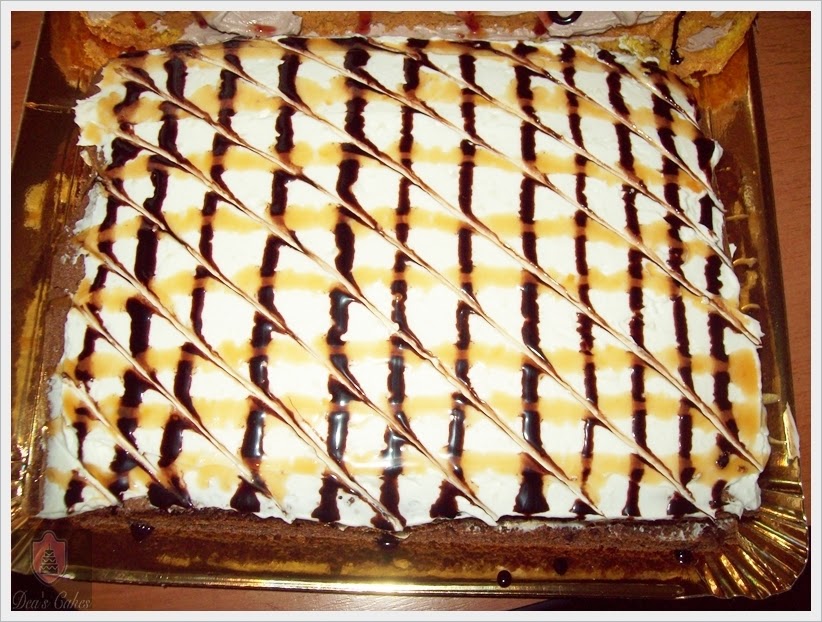 Prajitura cu blat de cacao si crema de vanilie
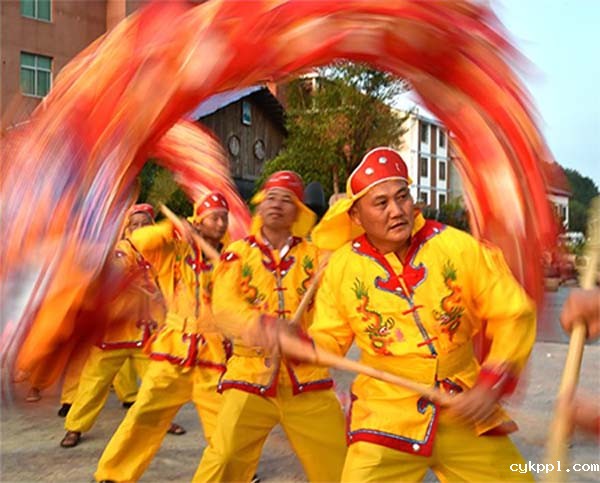 红土地上炼“四力” 长征起点悟初心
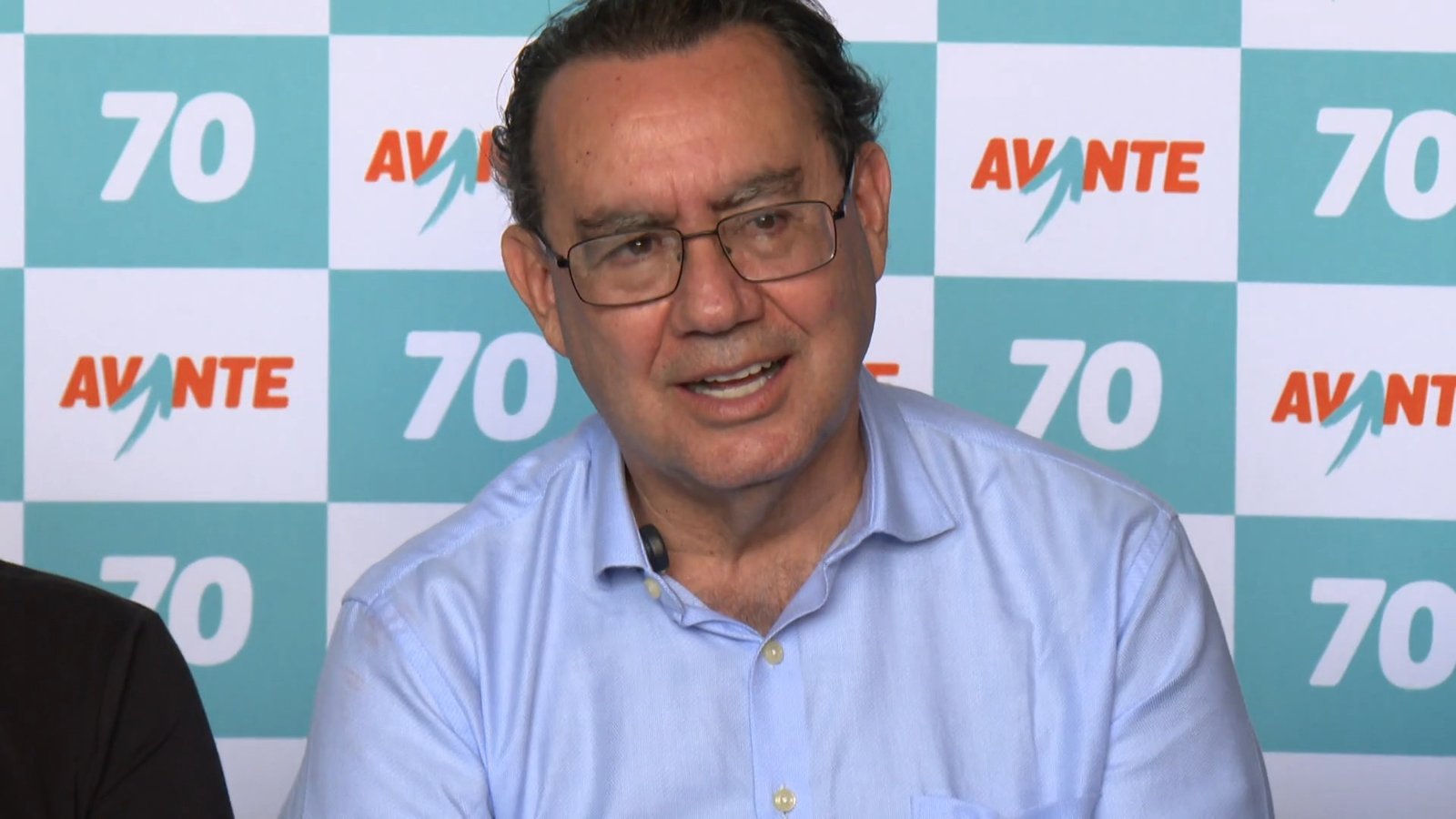 Tralli e Renata entrevistam Augusto Cury, candidato a presidente pelo Avante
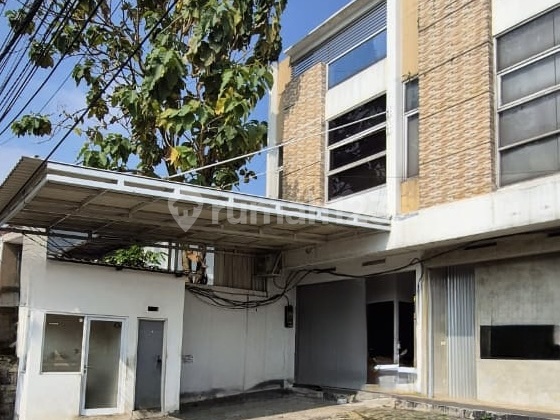 For Sale: Main Road Shop House, Near Buah Batu, Bandung.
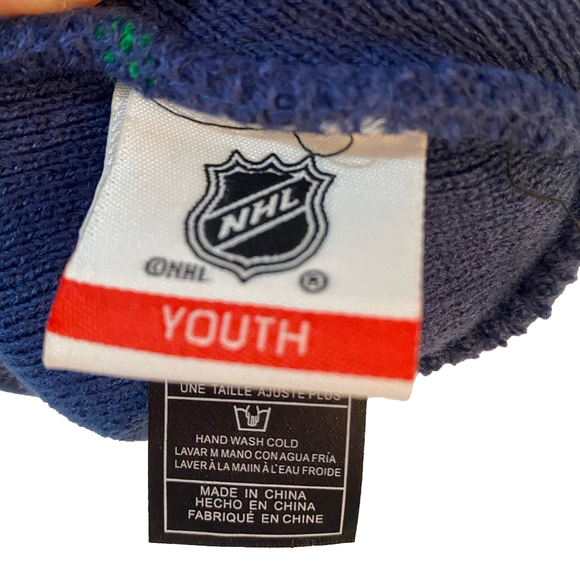 Vancouver Canucks Youth Pom Knit Toque 🥅 NHL official🥅 - Picture 4 of 4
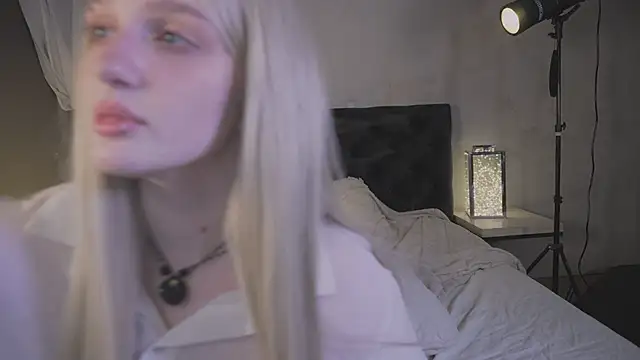 Snapshot of ELLIEJAY chatting on May 22, 5:25 am ELLIEJAY online show from May 22, 5:25 am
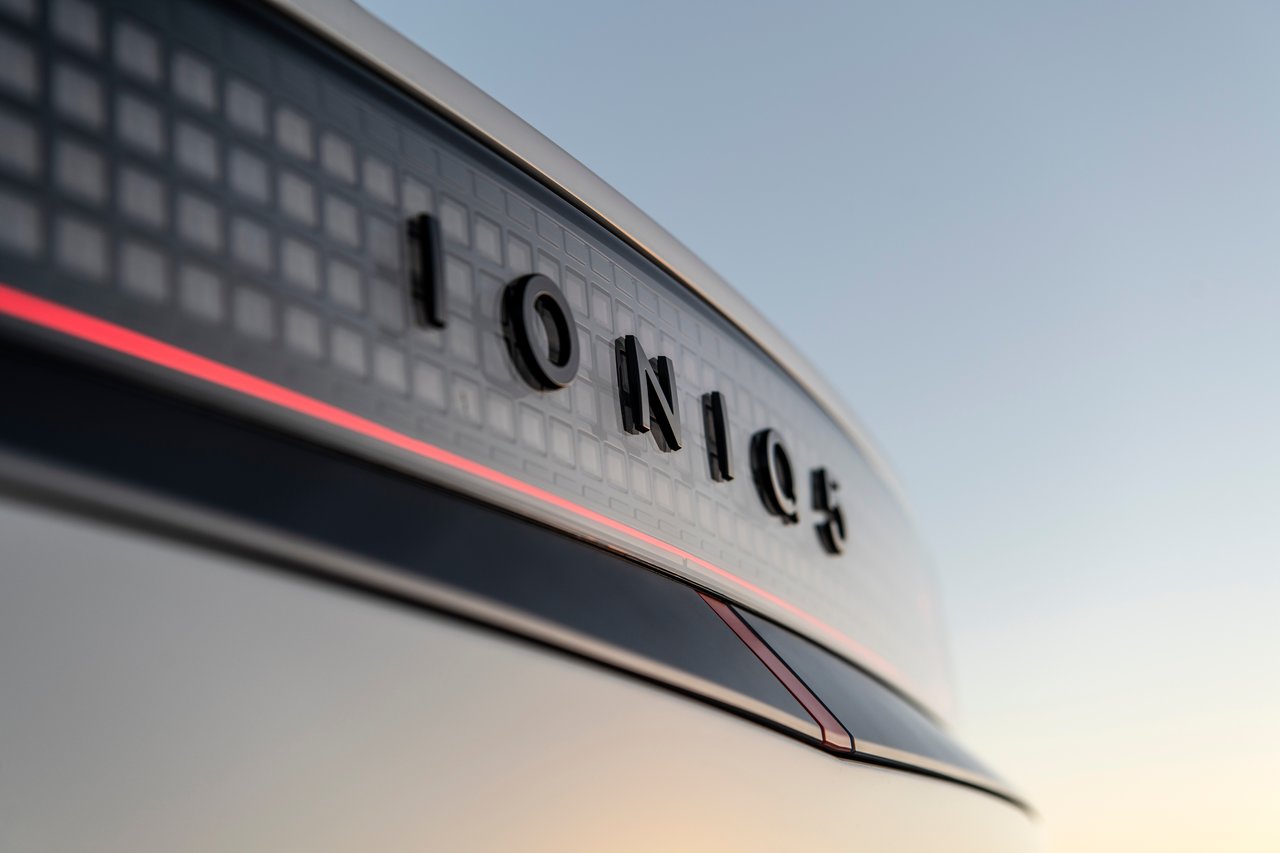 Hyundai IONIQ 5 - Miniature 7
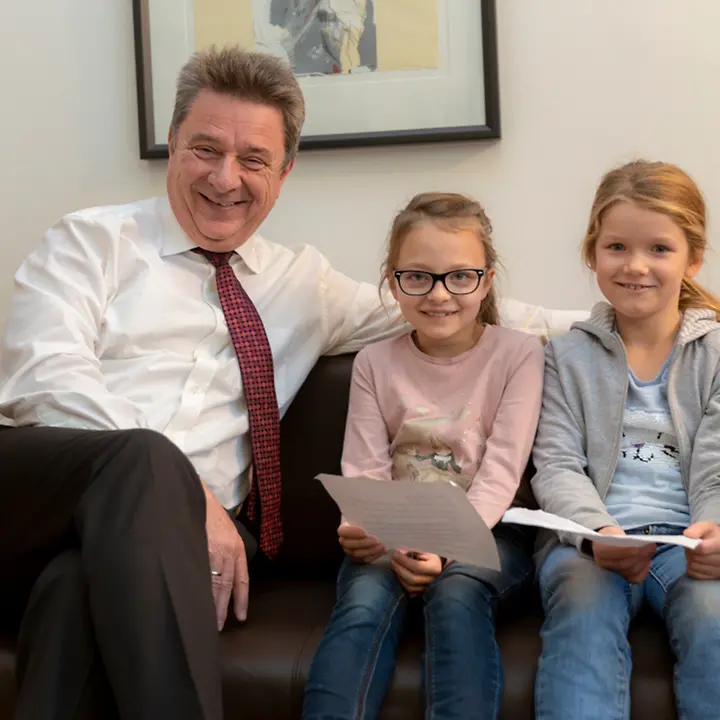 Foto Dr. Trümper mit Greta (Mi) und Mia (re)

========

Produce a verbatim transcription of every line in the listing, images omitted.

 Prajitura cu blat de cacao si crema de vanilie
 红土地上炼“四力” 长征起点悟初心
 Tralli e Renata entrevistam Augusto Cury, candidato a presidente pelo Avante
 For Sale: Main Road Shop House, Near Buah Batu, Bandung.
 Vancouver Canucks Youth Pom Knit Toque 🥅 NHL official🥅 - Picture 4 of 4
 Snapshot of ELLIEJAY chatting on May 22, 5:25 am ELLIEJAY online show from May 22, 5:25 am
 Hyundai IONIQ 5 - Miniature 7
 Foto Dr. Trümper mit Greta (Mi) und Mia (re)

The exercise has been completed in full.